LJ Idol Season 6 Week 1 - Swallowed by a Wave

Oct 20, 2009 13:19

o/` "My girl, linen and curls,
Lips parting like a flag all unfurled.
She's grand, the bend of her hand
Digging deep into the sweep of the sand." o/`

-- Summersong" performed by The Decemberists

A living time capsule, the city of St. Augustine encompasses everything from the site of the first Catholic mass held in the New World to a nest of fashion boutiques and upscale eateries. Not many people know, however, that it's also the site of the state's School for the Deaf and Blind. The tuition free boarding school has been educating eligible individuals since 1885 and has some of the best academic standards and awards in the state.

This, of course, means that there's a thriving deaf/blind community in the area...and that they use ASL. I loved this mysterious language of empty gestures from the first time I saw it: the wide, sweeping motions; the angular bending of the hands and fingers, the fluidity with which human hands were made to tell a story in single, open-air movements.

At the time I began studying ASL, it had been truly a matter of convenience; I knew I had a better chance of being hired as an educator if, in addition to Spanish, I could also communicate with the deaf. The local community college did not offer a course and the nearest was offered through Gainesville in a master's program to which I had no access. I bought the books for the courses anyway and studied from them. The language fascinated me but it also began to be a necessity, not just another piece for padding a resume.

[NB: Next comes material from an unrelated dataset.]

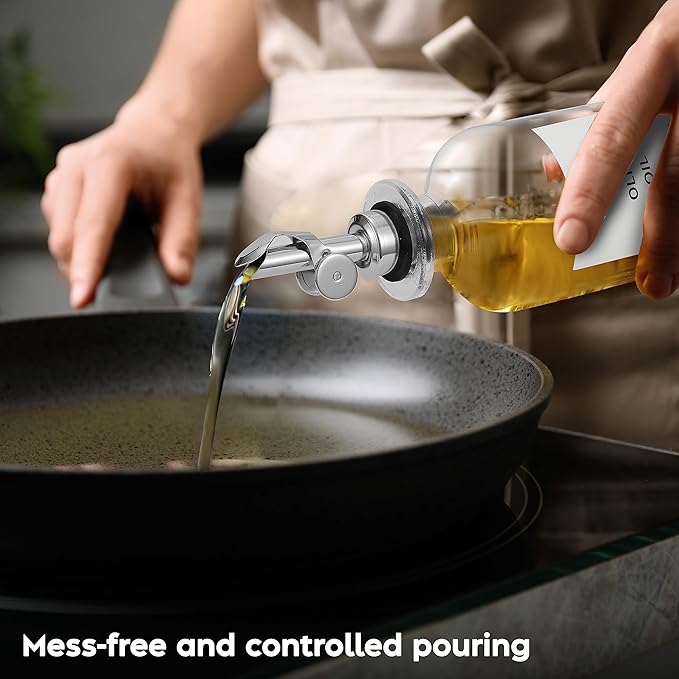 Olive Oil Dispenser Bottle - Includes 55 Kitchen Essential Labels - Cooking Oil Bottles for Kitchen, Coffee Syrup Dispenser - Pourer Spout with 11.8 fl oz Glass Container Cruet - 4pcs Silver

I've had mild to moderate hearing impairment since I contracted meningitis at the age of eight; the disease and subsequent brain damage left me with reduced hearing in the middle range of the human hearing spectrum. As I got older, it only got worse. Now, in my late 30s, there are some human voices I cannot hear at all and others which register only as an annoying hum. I still hear well in the bass and higher frequencies (including some which most humans aren't supposed to be able to hear) but the middle range is largely lost to me. The left ear hears better than the right; if the conditions are ideal --- the person is facing me and talking toward the left --- I can still get the gist of what most people are saying. Unfortunately, conditions aren't always ideal. I quickly discovered that in American society at least, staring at someone's face to watch lip movements is considered very rude, even if you tell the person why you're doing it. Similarly, they don't really like you placing a hand on their throat or cheek to feel the vibrations either.

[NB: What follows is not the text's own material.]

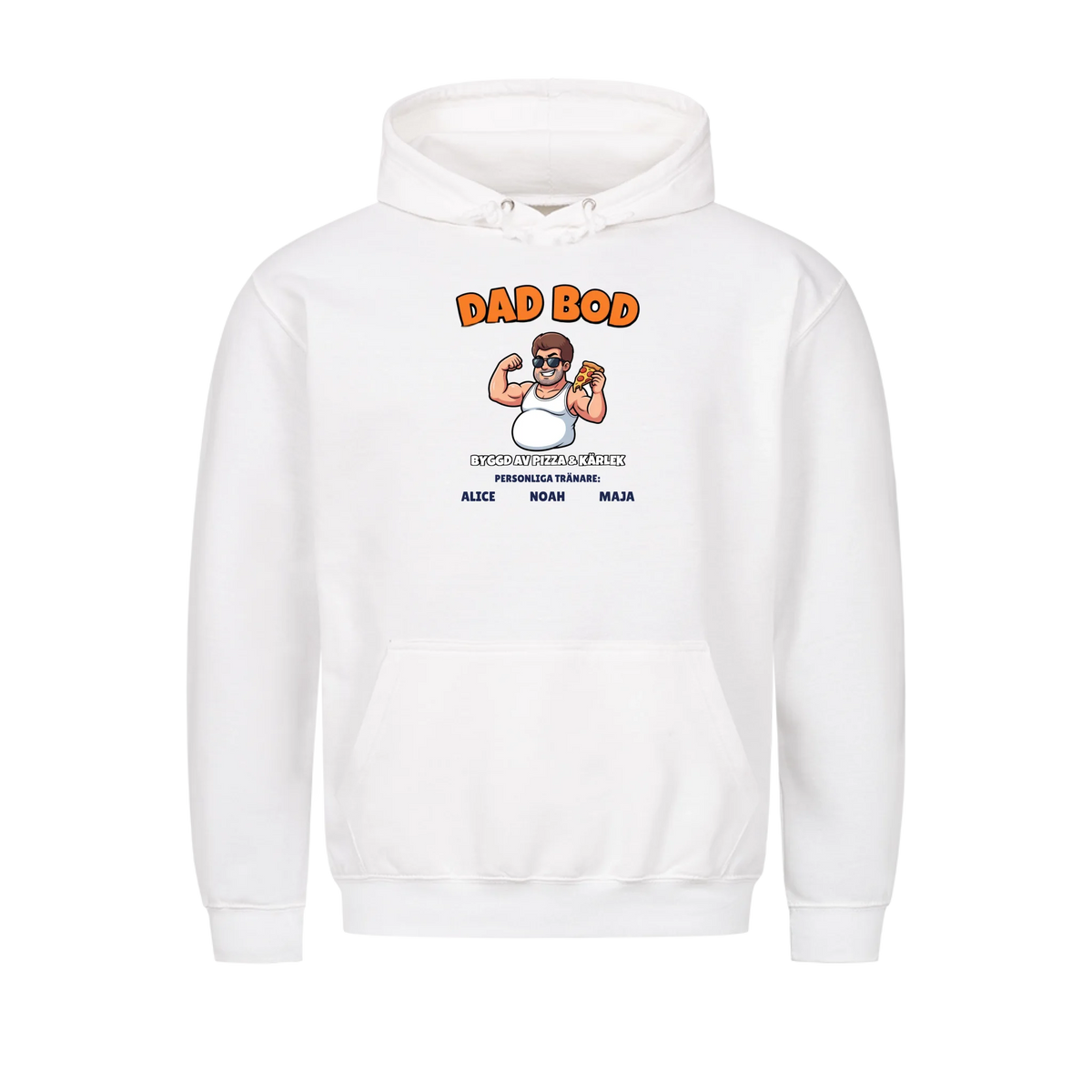 Dad Bod t-shirt med ditt foto som tecknad pappa och barnens namn. Rolig present till pappa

I was left in a world rapidly growing silent and it was a world hostile to the means of communication I had left to me.

Nothing hurts more than having someone say "never mind" after you've had to ask them to repeat what they were saying for the fifth time. Friends avoided me because they knew I couldn't hear most of what they were saying. I grew fearful of my voice control and developed a habit of never talking above a whisper after being told that I shouted in conversations. Fox and I would have to mouth 'later' to each other in crowded situations and often as not, we'd end up forgetting what we'd been wanting to tell each other. ASL could help that, and the few friends I had left were willing to learn.

I already knew some sign for basic functions such as "hungry" "thirsty" "restroom" and for polite social expression such as "no" "yes" "I love you" and "excuse me". At one time, I'd known how to finger spell but was advised by my deaf friends to forget about it. Most of them regarded finger spelling and single signs with disdain. They told me those isolated pieces were of no use unless I immersed myself in the language and the culture. Well, I understood that. The same had been said in my Spanish courses and I'd worked hard for years to learn proper grammar and syntax, to find out the cultural significance behind gestures and words, to learn as much about the people using the language as possible. I nodded eagerly...and then they dashed my hopes by telling me that it wasn't possible for me. As long as I had some hearing and could speak, I would never accomplish that. Furthermore, to use that beautiful fluid language would be an insult and the ultimate act of cultural appropriation.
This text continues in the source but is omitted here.